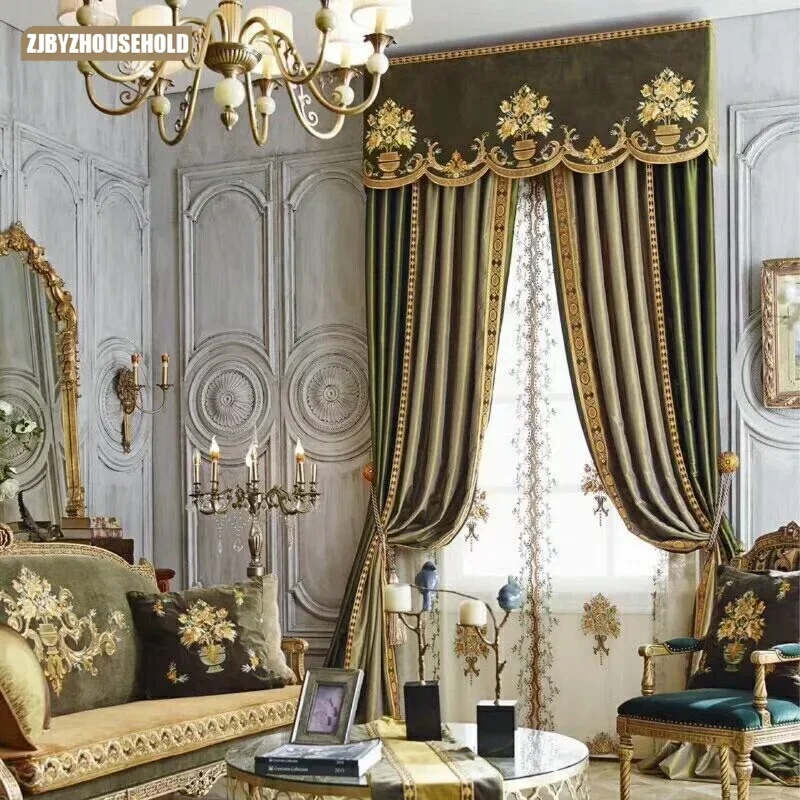 

European-style Luxury Embroidered Curtain for Living Room Customized Window Curtain Villa Stitching High-grade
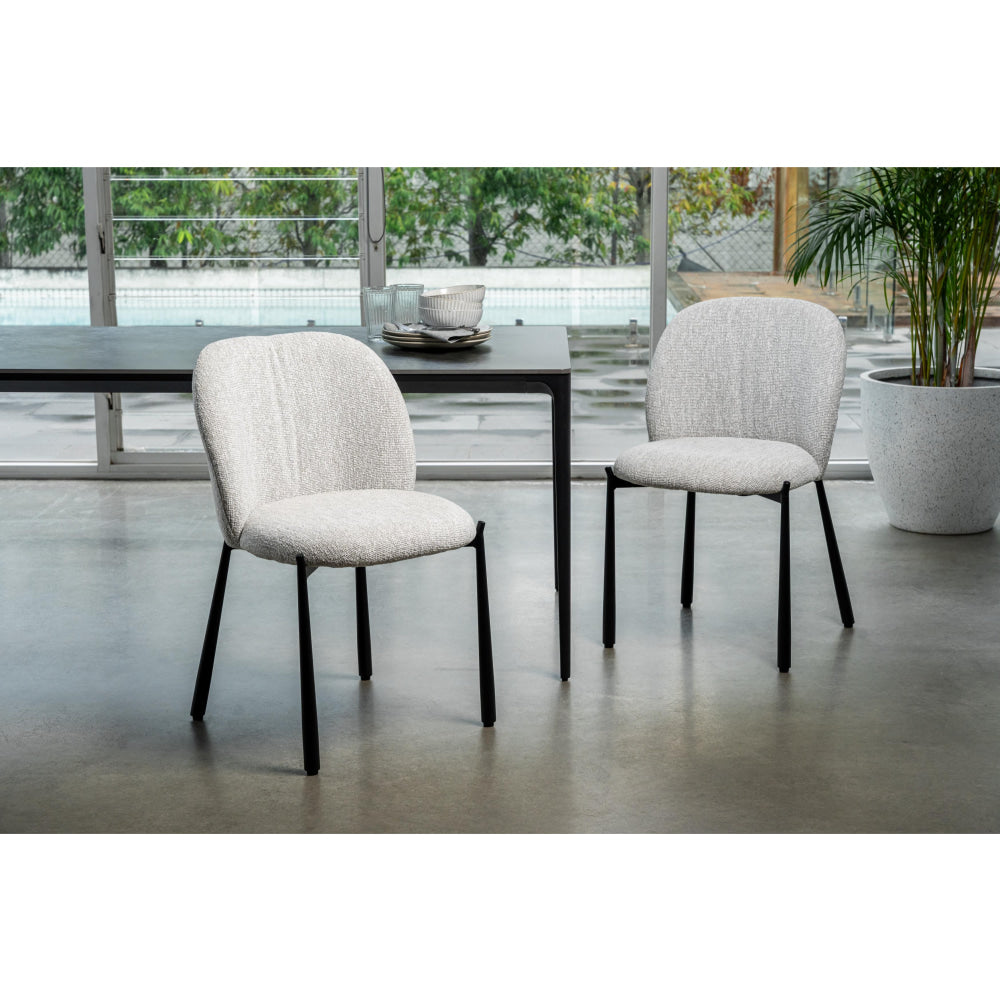 Set Of 2 Elvio Boucle Fabric Kitchen Dining Side Chair Black Powder Coated Legs Oyster Fast shipping On sale
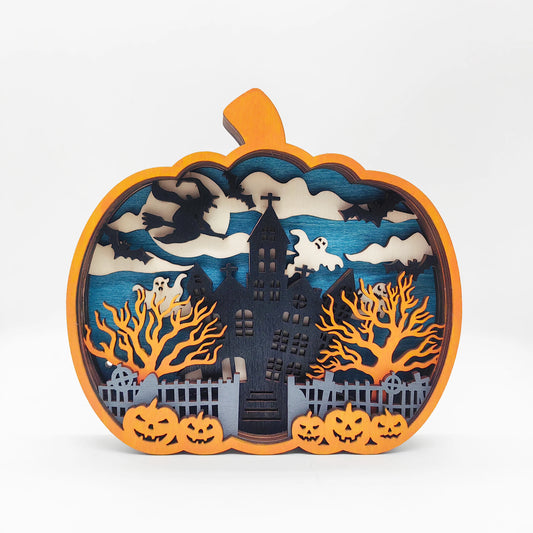 New Wooden Halloween Crafts Wooden Carved Halloween Pumpkin Ornaments Home Festival Decorations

Directions >> What you give back must match the material above exactly, minus its pictures.

Response area >>
European-style Luxury Embroidered Curtain for Living Room Customized Window Curtain Villa Stitching High-grade
 Set Of 2 Elvio Boucle Fabric Kitchen Dining Side Chair Black Powder Coated Legs Oyster Fast shipping On sale
 New Wooden Halloween Crafts Wooden Carved Halloween Pumpkin Ornaments Home Festival Decorations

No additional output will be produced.